Sanford Moeller (1878–1960), via his student Jim Chapin, codified a stroke cycle that solves the central technical problem of drumming: how to play loud, then soft, then loud without three separate effortful motions. The Moeller stroke is one continuous motion that produces three notes — a whip-down accent, a tap on the rebound, and an upward "lift" that prepares the next whip.
Phase 1 — The Whip (downstroke accent). Forearm drops, wrist follows, stick whips into the head. Loud, full. Crucially: the forearm does most of the work, not the wrist. Think of cracking a small whip rather than throwing the stick.
Phase 2 — The Tap. The whip's energy is not absorbed; it bounces back, and the stick taps the head a second time as the forearm starts to rise. Quiet, articulate. The tap is "free" — you don't add energy, you just let the rebound speak.

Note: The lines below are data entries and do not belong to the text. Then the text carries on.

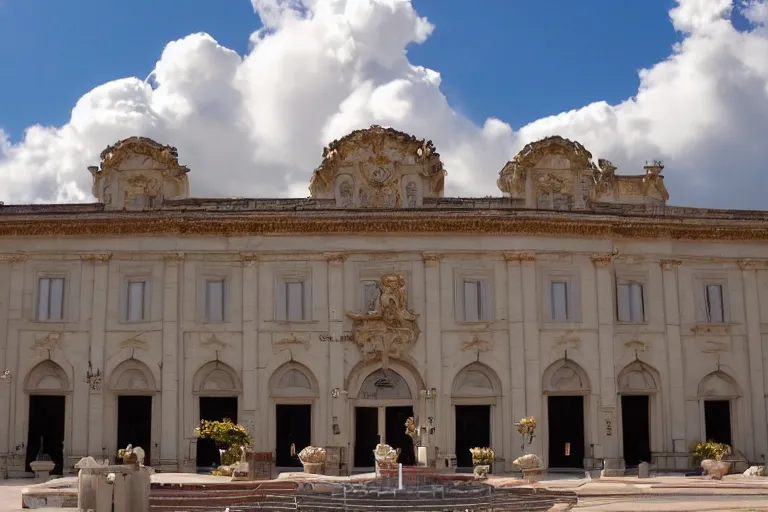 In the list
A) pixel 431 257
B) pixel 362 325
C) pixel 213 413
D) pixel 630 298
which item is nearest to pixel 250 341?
pixel 213 413

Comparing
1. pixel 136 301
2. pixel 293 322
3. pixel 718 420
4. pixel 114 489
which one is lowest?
pixel 114 489

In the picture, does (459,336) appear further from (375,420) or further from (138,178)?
(138,178)

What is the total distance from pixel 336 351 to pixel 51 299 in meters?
10.6

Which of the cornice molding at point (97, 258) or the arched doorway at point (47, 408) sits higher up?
the cornice molding at point (97, 258)

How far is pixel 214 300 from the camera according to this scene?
37.4m

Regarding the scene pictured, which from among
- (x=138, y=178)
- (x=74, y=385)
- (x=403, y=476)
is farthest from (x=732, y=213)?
(x=74, y=385)

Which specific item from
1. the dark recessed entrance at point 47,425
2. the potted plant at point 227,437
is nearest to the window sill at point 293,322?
the potted plant at point 227,437

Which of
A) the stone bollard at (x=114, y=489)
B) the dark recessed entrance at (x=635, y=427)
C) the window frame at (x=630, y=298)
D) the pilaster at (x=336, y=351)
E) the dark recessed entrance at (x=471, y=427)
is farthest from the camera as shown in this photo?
the window frame at (x=630, y=298)

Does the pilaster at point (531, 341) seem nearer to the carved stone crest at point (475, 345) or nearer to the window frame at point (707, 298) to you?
the carved stone crest at point (475, 345)

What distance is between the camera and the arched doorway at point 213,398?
36875 millimetres

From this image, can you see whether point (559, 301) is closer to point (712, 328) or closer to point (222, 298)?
point (712, 328)

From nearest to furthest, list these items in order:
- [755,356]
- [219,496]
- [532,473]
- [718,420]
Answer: [219,496]
[532,473]
[755,356]
[718,420]

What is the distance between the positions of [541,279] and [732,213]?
8179 millimetres

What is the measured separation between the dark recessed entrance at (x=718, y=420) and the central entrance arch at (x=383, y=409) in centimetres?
1103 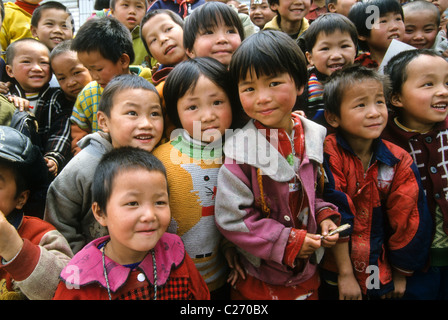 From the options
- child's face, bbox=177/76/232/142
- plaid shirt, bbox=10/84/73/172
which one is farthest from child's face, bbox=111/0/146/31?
child's face, bbox=177/76/232/142

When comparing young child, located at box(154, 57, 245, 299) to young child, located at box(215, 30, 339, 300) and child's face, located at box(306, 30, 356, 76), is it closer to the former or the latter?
young child, located at box(215, 30, 339, 300)

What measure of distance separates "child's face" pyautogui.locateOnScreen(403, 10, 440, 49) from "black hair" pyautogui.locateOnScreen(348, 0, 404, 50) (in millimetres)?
339

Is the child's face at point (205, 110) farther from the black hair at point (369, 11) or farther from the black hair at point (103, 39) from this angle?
the black hair at point (369, 11)

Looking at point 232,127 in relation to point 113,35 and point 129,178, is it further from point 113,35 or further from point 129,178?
point 113,35

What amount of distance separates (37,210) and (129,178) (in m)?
0.89

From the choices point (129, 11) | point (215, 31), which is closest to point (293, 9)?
point (215, 31)

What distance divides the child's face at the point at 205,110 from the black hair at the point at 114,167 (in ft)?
1.00

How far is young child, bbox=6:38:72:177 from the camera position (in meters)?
2.50

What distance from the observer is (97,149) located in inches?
67.9

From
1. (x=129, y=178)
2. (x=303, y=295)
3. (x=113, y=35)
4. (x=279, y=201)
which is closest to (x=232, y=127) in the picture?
(x=279, y=201)

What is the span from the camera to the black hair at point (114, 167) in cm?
138

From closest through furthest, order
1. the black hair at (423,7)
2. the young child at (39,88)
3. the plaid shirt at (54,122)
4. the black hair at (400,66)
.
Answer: the black hair at (400,66)
the plaid shirt at (54,122)
the young child at (39,88)
the black hair at (423,7)

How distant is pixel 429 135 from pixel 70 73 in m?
2.72

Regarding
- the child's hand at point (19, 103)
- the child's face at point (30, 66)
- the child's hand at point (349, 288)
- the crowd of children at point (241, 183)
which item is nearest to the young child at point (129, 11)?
the child's face at point (30, 66) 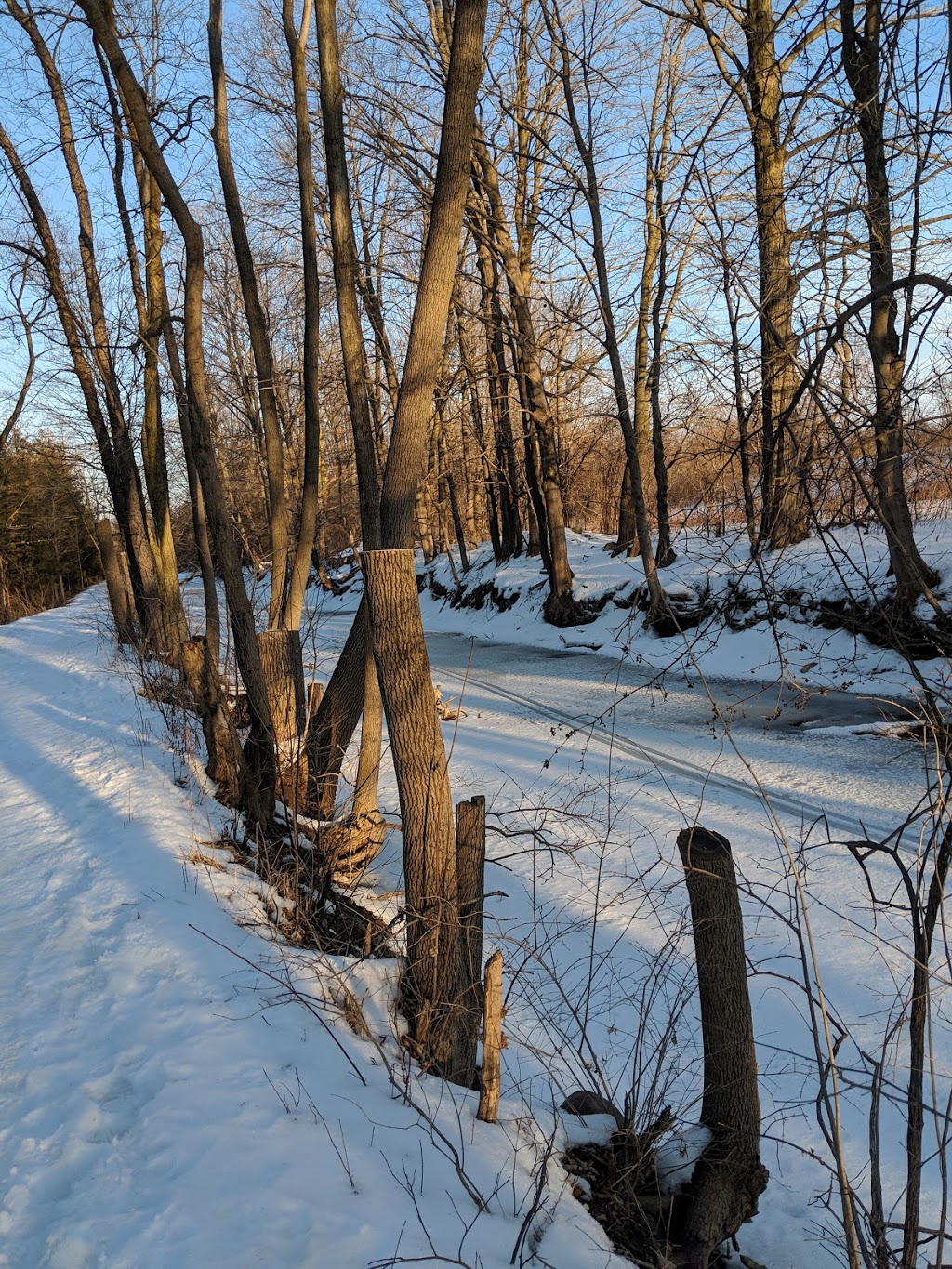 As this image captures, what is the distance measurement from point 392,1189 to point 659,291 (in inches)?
628

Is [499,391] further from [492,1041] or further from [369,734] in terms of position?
[492,1041]

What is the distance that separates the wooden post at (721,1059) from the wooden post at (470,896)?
91 cm

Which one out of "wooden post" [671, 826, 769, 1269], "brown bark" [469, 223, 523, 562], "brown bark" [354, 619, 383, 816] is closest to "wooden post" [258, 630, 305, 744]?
"brown bark" [354, 619, 383, 816]

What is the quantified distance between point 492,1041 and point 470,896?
62 centimetres

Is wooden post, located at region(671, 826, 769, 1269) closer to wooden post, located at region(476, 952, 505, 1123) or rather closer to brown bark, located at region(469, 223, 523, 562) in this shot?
wooden post, located at region(476, 952, 505, 1123)

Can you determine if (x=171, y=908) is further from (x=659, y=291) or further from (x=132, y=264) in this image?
(x=659, y=291)

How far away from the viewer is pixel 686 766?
7699 mm

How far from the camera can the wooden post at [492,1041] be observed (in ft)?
10.6

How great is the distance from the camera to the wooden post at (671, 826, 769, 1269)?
3.06m

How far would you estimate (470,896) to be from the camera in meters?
3.69

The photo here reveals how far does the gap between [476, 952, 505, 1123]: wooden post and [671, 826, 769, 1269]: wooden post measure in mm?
753

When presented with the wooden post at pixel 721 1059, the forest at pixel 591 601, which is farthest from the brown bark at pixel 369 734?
the wooden post at pixel 721 1059

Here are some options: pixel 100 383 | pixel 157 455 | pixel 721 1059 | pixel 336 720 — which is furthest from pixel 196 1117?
pixel 100 383

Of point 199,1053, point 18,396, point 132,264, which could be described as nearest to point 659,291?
point 132,264
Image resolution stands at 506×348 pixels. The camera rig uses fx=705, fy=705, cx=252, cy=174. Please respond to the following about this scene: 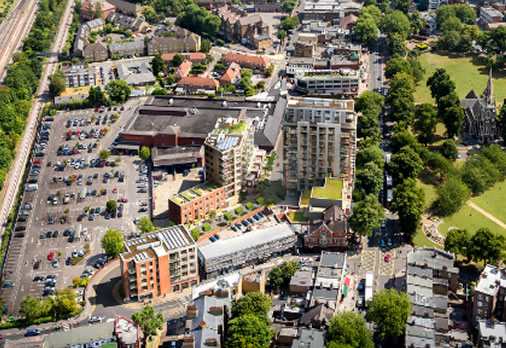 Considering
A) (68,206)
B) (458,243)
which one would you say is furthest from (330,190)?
(68,206)

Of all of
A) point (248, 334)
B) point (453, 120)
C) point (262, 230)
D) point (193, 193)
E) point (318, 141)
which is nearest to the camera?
point (248, 334)

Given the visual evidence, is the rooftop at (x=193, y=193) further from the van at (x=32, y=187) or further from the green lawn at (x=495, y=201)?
the green lawn at (x=495, y=201)

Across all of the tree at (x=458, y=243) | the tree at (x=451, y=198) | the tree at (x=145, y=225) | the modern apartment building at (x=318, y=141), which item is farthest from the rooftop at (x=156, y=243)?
the tree at (x=451, y=198)

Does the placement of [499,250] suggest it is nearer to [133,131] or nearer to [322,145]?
[322,145]

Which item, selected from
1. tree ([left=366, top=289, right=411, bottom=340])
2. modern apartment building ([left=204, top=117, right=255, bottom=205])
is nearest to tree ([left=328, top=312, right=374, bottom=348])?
tree ([left=366, top=289, right=411, bottom=340])

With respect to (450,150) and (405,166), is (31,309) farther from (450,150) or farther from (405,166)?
(450,150)

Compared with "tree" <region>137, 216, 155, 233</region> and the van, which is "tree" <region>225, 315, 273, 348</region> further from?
the van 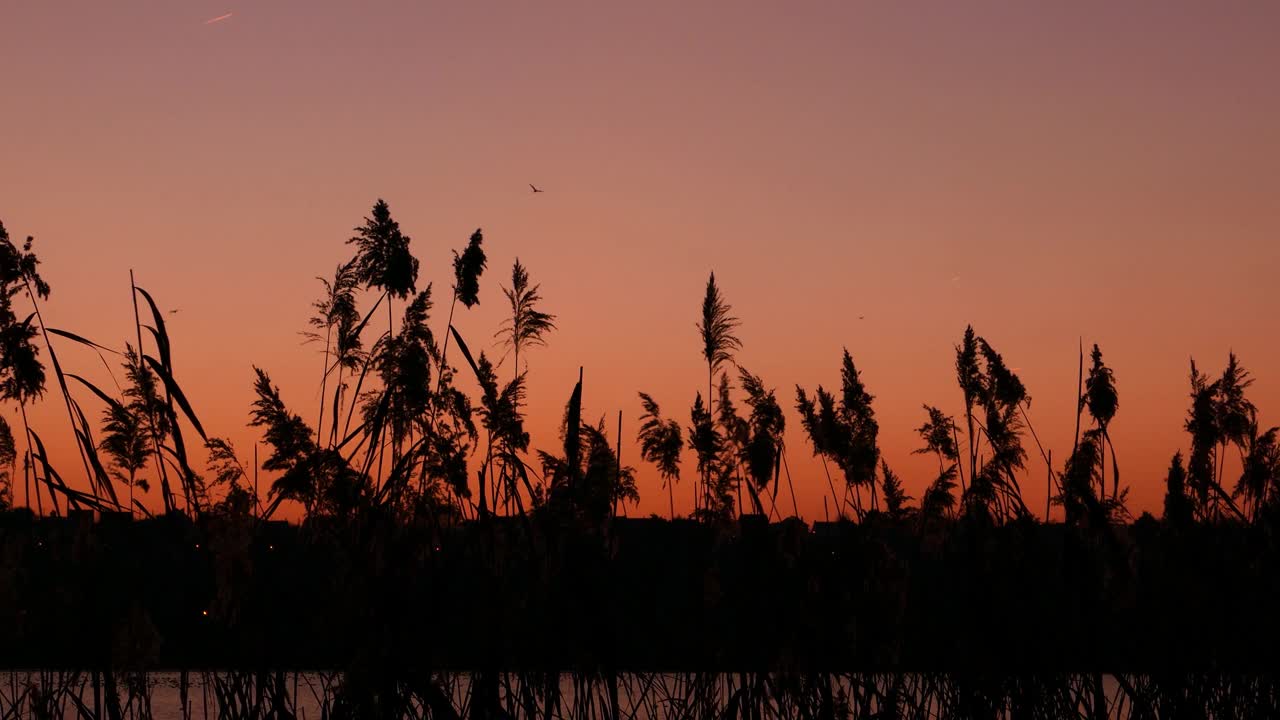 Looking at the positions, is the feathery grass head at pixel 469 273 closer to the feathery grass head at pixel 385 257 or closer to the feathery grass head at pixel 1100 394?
the feathery grass head at pixel 385 257

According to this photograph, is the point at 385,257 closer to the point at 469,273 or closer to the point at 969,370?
the point at 469,273

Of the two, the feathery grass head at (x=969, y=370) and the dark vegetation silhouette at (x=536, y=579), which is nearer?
the dark vegetation silhouette at (x=536, y=579)

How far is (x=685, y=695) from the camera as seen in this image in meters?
4.25

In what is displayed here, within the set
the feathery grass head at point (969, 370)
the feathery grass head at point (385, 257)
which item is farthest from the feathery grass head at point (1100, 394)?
the feathery grass head at point (385, 257)

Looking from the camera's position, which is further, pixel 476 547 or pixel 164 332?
pixel 476 547

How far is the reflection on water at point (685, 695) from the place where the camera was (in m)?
3.43

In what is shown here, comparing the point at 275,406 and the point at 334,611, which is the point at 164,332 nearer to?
the point at 334,611

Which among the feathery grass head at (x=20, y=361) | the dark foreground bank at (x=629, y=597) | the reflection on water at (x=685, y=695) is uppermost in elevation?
the feathery grass head at (x=20, y=361)

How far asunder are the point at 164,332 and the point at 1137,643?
362 centimetres

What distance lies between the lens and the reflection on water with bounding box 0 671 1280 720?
11.2 feet

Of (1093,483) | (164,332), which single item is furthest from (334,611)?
(1093,483)

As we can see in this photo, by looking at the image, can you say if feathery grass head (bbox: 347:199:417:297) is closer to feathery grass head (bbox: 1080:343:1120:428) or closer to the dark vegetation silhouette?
the dark vegetation silhouette

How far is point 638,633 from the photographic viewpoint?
4.86 metres

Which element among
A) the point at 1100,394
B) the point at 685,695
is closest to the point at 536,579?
the point at 685,695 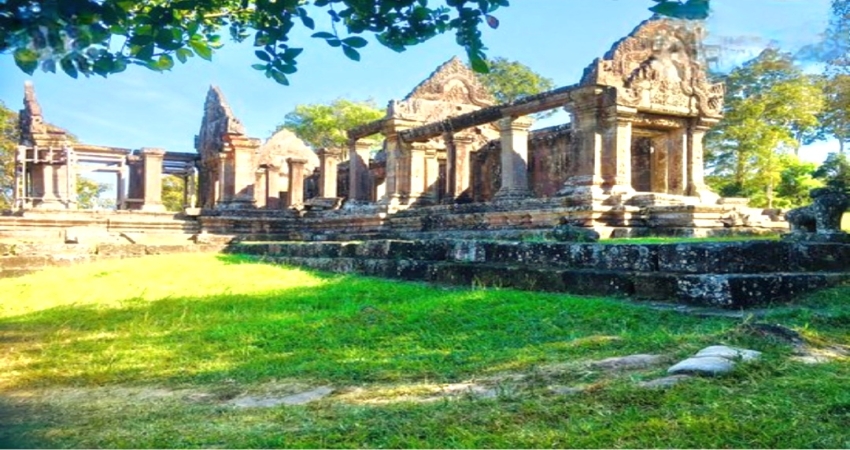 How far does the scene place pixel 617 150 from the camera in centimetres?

Phase 3 — The Upstroke / Lift. The forearm continues upward, lifting the stick high to prepare the next whip. As it rises, the stick taps the head once more (very lightly — it's almost optional) before reaching full prep height.
The result: three notes — accent, tap, soft tap — produced by one circular motion of the forearm. Learn this and your hands stop fighting accent placement: the accent is a part of the cycle, not an extra effort.
Where Stone's accent-tap (the prerequisite) treats high and low as separate motions, Moeller is the connection: it's the smooth motion path that gets you from low back to high without effort.